● EXERCISE:
The output should be the listing below, limited to the lines from the one with "Hino DUTRO 2024-07 1227774-16" through the one with "textured floral C-hoop", exact and without pictures.

● MATERIAL SUPPLIED:
────────
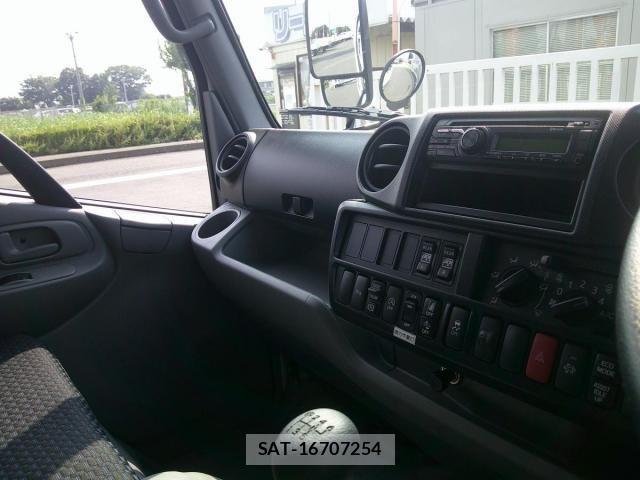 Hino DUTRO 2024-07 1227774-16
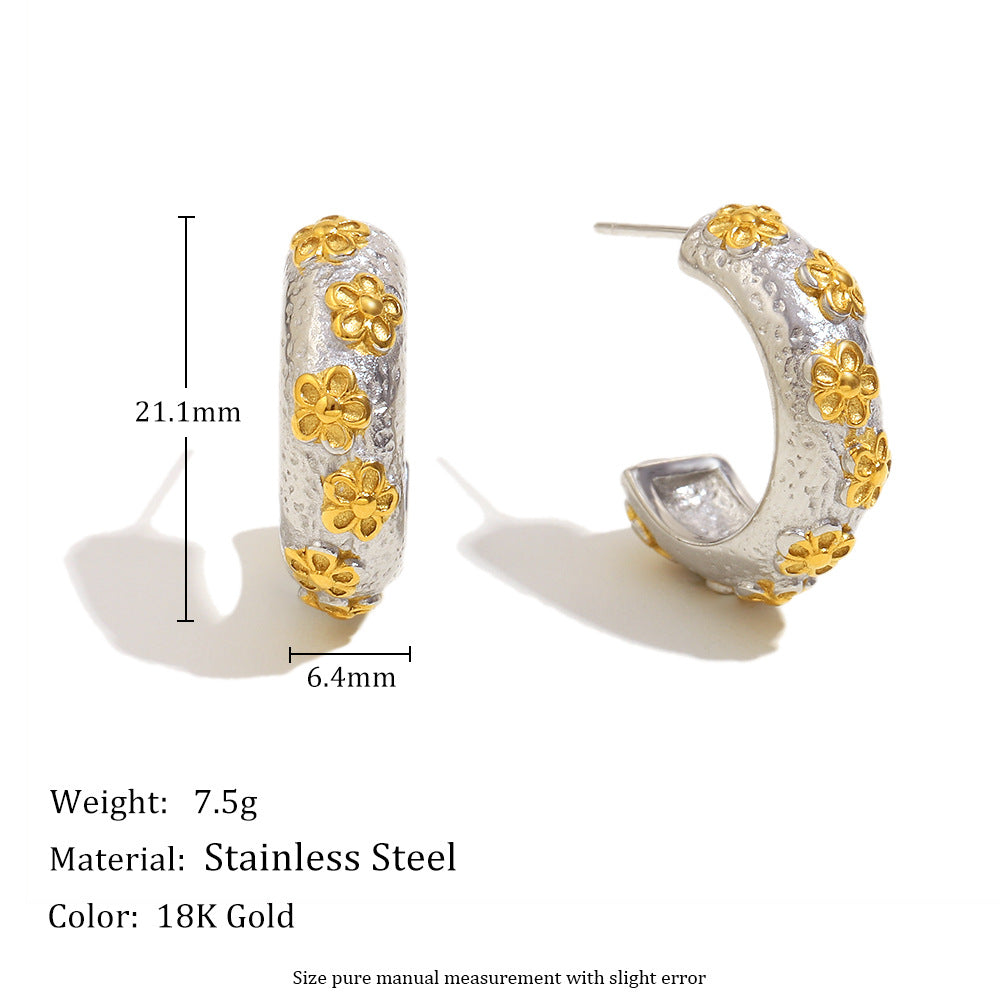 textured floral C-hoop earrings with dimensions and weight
────────
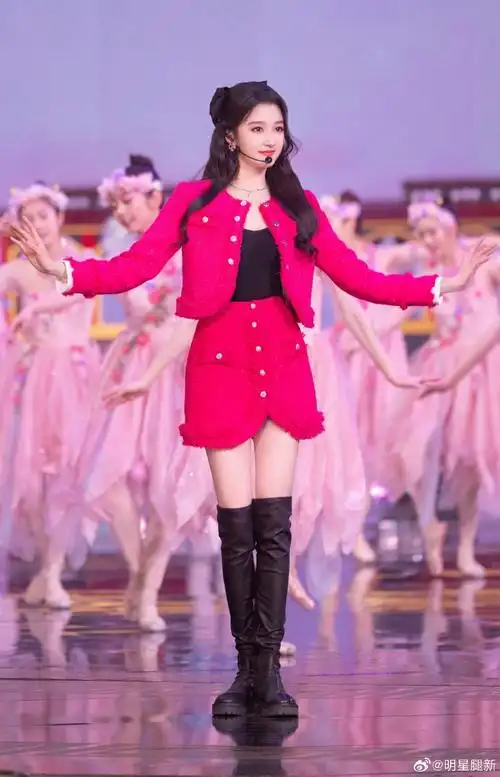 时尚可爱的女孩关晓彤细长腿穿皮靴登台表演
────────
● SOLUTION FOR THIS EXERCISE:
 Hino DUTRO 2024-07 1227774-16
 textured floral C-hoop earrings with dimensions and weight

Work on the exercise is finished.